It’s that time of year when we start thinking about back to school and children’s eyewear.
And we do not think about kids’ eyewear without thinking about lens materials. The standard lens material for years has been polycarbonate. Seven years ago we had a newcomer to the lens material arena. In 2001, Trivex hit the optical marketplace.
Trivex was originally developed for the military, as visual armor. PPG Industries took the technology and adapted it for the optical industry. Trivex is a urethane-based pre-polymer. PPG named the material Trivex because of its three main performance properties. The three main properties are superior optics, ultra-lightweight, and extreme strength.
Trivex has a high abbe value. Abbe value is a measure of the dispersion or color distortion of light through a lens into its color elements. Abbe number can also be referred to as v-value. The higher the abbe number, the less dispersion, the lower the number, the more dispersion. Trivex has an abbe number of 43-45. This is significantly higher than polycarbonate. Polycarbonate’s abbe number is 30. Trivex has a very high level of light transmittance. The level is 91.4%. This is one of the highest levels of all lens materials. The high percentage is a factor that directly affects the brightness, clarity, and crispness of Trivex.
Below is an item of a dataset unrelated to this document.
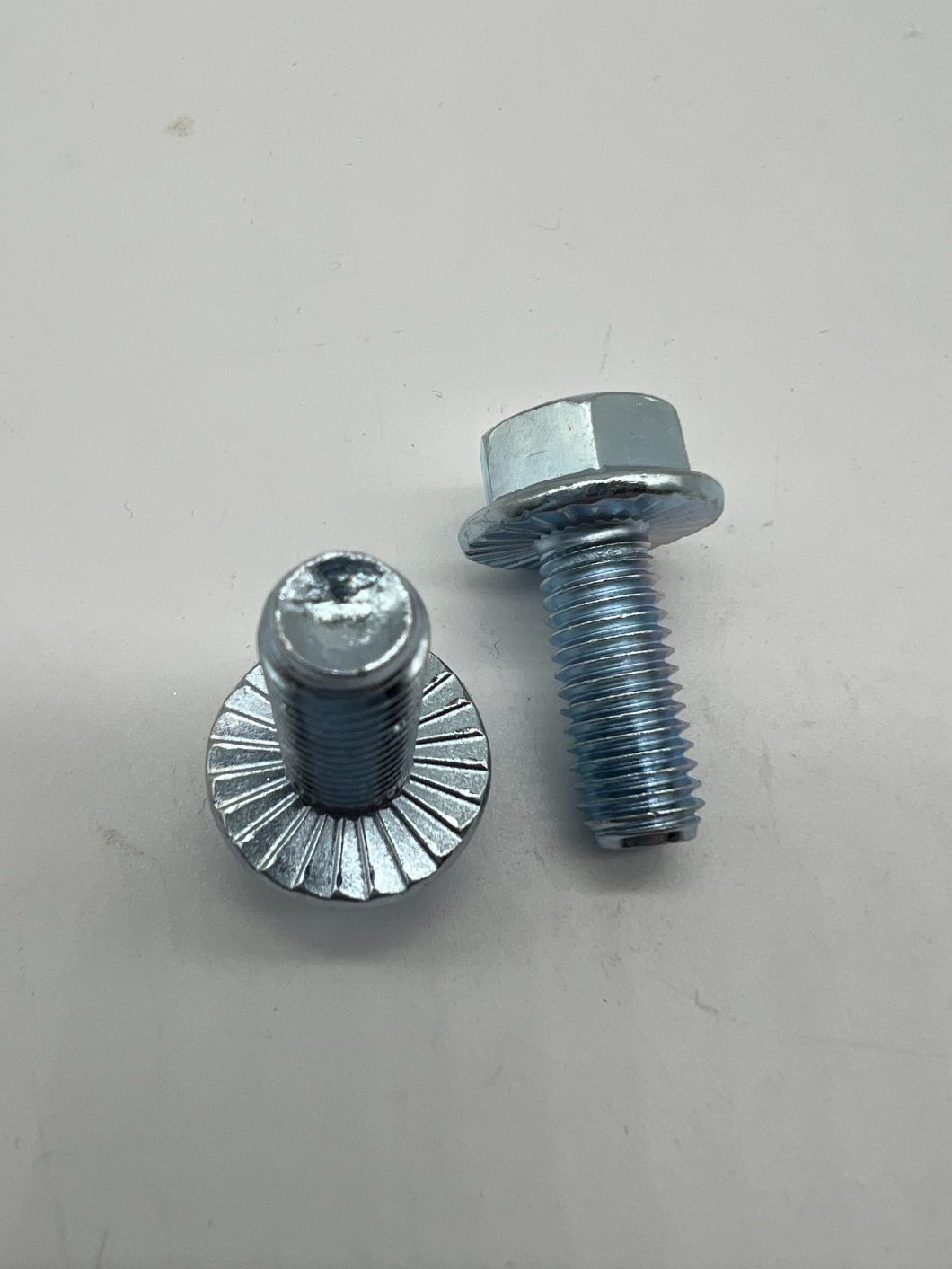 En1665 M10X25 Perno de brida Tornillo de brida Cl8.8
Trivex has a specific gravity of 1.11. Specific gravity is the weight in grams of one cubic centimeter of the material. Specific gravity is also referred to as density. The higher the number, the more dense, or heavy, a lens material is. Trivex has the lowest specific gravity of any commonly used lens material. This makes Trivex the lightest lens material. Trivex is 16% lighter than CR-39, 25% lighter than 1.66, and 8% lighter than polycarbonate! Trivex has a refractive index of 1.53. This allows for a thinner lens than a CR-39 lens. It can also be surfaced down to a center thickness of 1.0mm. This ability further reduces weight and thickness.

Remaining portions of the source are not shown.